[Brief descriptive captions]
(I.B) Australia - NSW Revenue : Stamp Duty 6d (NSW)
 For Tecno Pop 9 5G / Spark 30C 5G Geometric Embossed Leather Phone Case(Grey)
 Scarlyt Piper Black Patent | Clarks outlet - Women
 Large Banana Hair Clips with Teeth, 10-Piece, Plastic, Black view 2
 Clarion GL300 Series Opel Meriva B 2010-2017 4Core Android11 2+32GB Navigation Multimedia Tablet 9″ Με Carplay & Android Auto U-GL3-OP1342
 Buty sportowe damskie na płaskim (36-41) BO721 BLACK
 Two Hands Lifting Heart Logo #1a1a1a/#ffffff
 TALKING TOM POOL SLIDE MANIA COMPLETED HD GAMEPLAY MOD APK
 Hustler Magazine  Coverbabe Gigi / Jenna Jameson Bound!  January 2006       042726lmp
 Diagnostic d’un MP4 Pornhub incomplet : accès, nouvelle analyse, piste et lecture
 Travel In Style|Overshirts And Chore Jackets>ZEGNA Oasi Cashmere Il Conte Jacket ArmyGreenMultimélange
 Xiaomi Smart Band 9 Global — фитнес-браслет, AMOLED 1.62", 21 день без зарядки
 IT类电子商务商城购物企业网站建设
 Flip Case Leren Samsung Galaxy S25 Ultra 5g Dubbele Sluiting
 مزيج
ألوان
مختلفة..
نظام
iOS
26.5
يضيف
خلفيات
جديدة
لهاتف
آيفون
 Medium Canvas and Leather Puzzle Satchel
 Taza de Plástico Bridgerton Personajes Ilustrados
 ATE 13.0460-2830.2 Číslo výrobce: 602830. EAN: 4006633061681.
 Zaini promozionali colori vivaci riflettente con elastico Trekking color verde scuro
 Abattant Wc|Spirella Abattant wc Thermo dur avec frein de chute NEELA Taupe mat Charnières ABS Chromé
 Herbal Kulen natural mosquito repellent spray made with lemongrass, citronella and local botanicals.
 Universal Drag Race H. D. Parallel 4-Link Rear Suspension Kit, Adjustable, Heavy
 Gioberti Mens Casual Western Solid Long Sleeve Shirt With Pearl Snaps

__PROMPT__. Reproduce the records above exactly, from the first line through the line containing "Two Hands Lifting Heart Logo #1a1a1a/#ffffff", and output nothing else.

__SOLVED PROBLEM__.
(I.B) Australia - NSW Revenue : Stamp Duty 6d (NSW)
 For Tecno Pop 9 5G / Spark 30C 5G Geometric Embossed Leather Phone Case(Grey)
 Scarlyt Piper Black Patent | Clarks outlet - Women
 Large Banana Hair Clips with Teeth, 10-Piece, Plastic, Black view 2
 Clarion GL300 Series Opel Meriva B 2010-2017 4Core Android11 2+32GB Navigation Multimedia Tablet 9″ Με Carplay & Android Auto U-GL3-OP1342
 Buty sportowe damskie na płaskim (36-41) BO721 BLACK
 Two Hands Lifting Heart Logo #1a1a1a/#ffffff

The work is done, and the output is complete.